Reading a random line of the index file to know more about the information it contains.


In [6]:
import numpy as np
import pandas as pd
from random import randint

In [7]:
index = np.genfromtxt(index_file, skip_header=6, unpack=False, delimiter=',', dtype=None,
           names=['catalog_id', 'file_name', 'geospatial_lat_min', 'geospatial_lat_max',
                     'geospatial_lon_min', 'geospatial_lon_max',
                     'time_coverage_start', 'time_coverage_end', 
                     'provider', 'date_update', 'data_mode', 'parameters'])

In [8]:
dataset = randint(0,len(index)) #ramdom line of the index file

In [9]:
values = [index[dataset]['catalog_id'], '<a href='+index[dataset]['file_name']+'>'+index[dataset]['file_name']+'</a>', index[dataset]['geospatial_lat_min'], index[dataset]['geospatial_lat_max'],
                 index[dataset]['geospatial_lon_min'], index[dataset]['geospatial_lon_max'], index[dataset]['time_coverage_start'],
                 index[dataset]['time_coverage_end'], index[dataset]['provider'], index[dataset]['date_update'], index[dataset]['data_mode'],
                 index[dataset]['parameters']]
headers = ['catalog_id', 'file_name', 'geospatial_lat_min', 'geospatial_lat_max',
                     'geospatial_lon_min', 'geospatial_lon_max',
                     'time_coverage_start', 'time_coverage_end', 
                     'provider', 'date_update', 'data_mode', 'parameters']
df = pd.DataFrame(values, index=headers, columns=[dataset])
df.style


Out[9]:
2175
catalog_id COP-BO-01
file_name ftp://cmems.smhi.se/Core/INSITU_BAL_NRT_OBSERVATIONS_013_032/latest/20170920/BO_LATEST_TS_MO_Raahe_20170920.nc
geospatial_lat_min 64.6659
geospatial_lat_max 64.6659
geospatial_lon_min 24.4071
geospatial_lon_max 24.4071
time_coverage_start 2017-09-20T00:00:00Z
time_coverage_end 2017-09-20T23:00:00Z
provider FMI
date_update 2017-09-21T07:01:51Z
data_mode R
parameters SLEV DEPH

FILTERING CRITERIA

Regarding the above glimpse, it is posible to filter by 12 criteria.
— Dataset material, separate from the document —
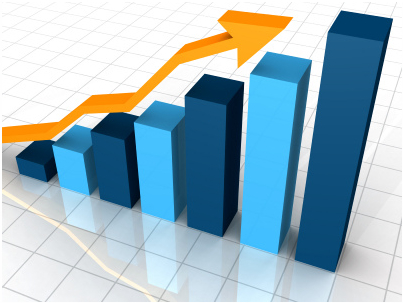 Developing More Meaningful API Metrics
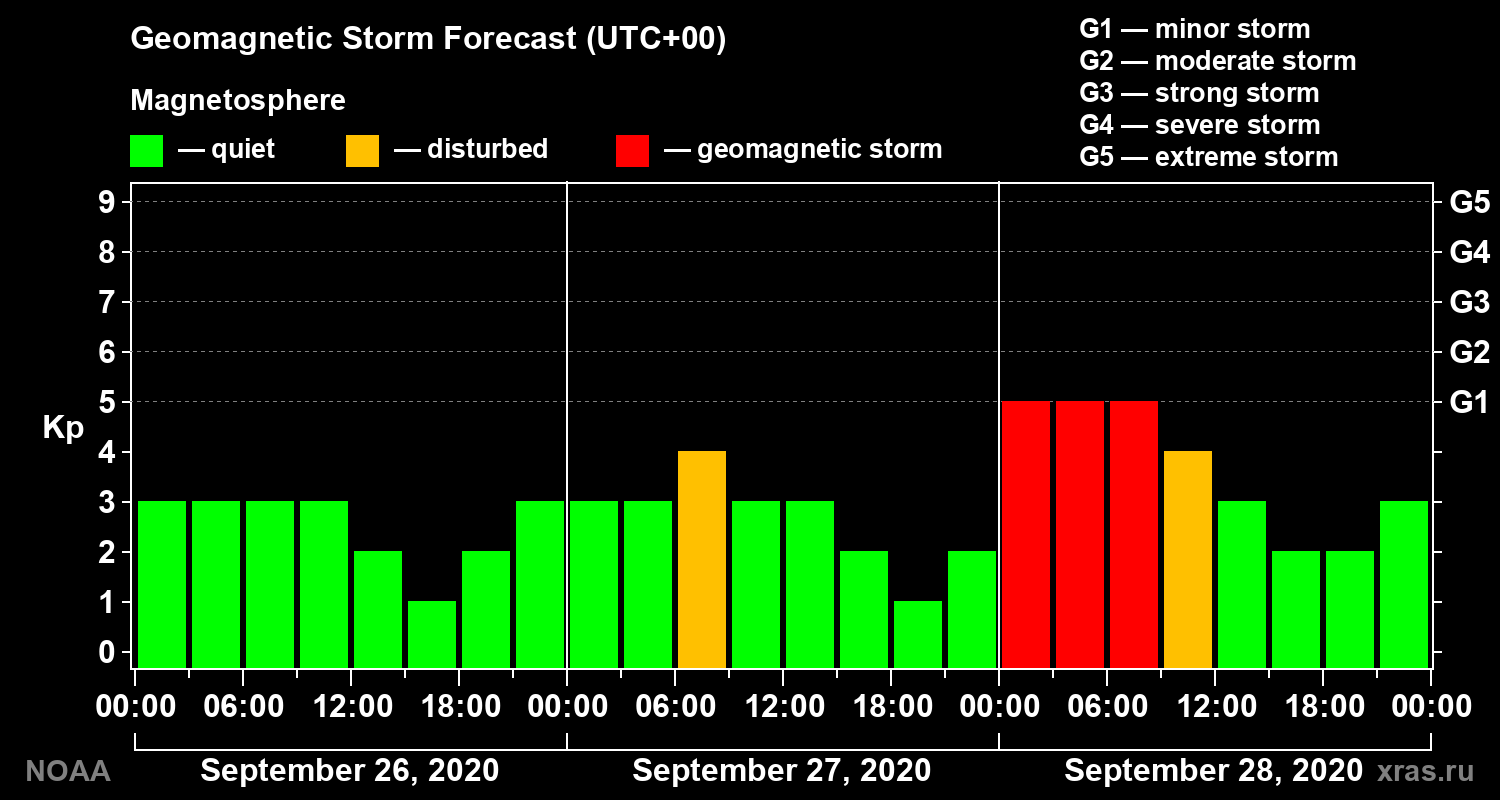 Geomagnetic index Kp forecast for three days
As example we will setup next a filter to only download those files that contains an data_type.

1. Aimed data_type 

In [11]:
variable = 'MO'
2. netCDF filtering/selection

Remember that depending on the folder we are, the data_type tag in the file_name is at an specific place: for history directory is at position 2 and for monthly and latest directory it would be at position 3. See more at naming convention or PUM


In [12]:
#read file lines (iterate over them)
selected_netCDFs = [];
for netCDF in index: 
    file_name = netCDF['file_name'].decode('utf-8')
    last_idx_slash = file_name.rfind('/')
    ncdf_file_name = file_name[last_idx_slash+1:]
    
    #set up a selection criteria: i.e specific data_type
    #history: position 2
    #monthly and latest: position 3
    position = 3
    data_type = ncdf_file_name.split('_')[position] #index_latest (above)
    aimed_data_type = 'MO'#choose a data_type: i.e mooring
    
    if data_type == aimed_data_type :
        selected_netCDFs.append(file_name)
print("total: " +str(len(selected_netCDFs)))


total: 4523

SELECTION DOWNLOAD


In [ ]:
for nc in selected_netCDFs:
    last_idx_slash = file_name.rfind('/')
    ncdf_file_name = file_name[last_idx_slash+1:]
    folders = file_name.split('/')[3:len(file_name.split('/'))-1]
    host = file_name.split('/')[2] #distribution unit
    
    ftp=ftplib.FTP(host,user,password) 
    for folder in folders:
    ftp.cwd(folder)
    
    local_file = open(ncdf_file_name, 'wb')
    ftp.retrbinary('RETR '+ncdf_file_name, local_file.write)
    local_file.close()
    ftp.quit()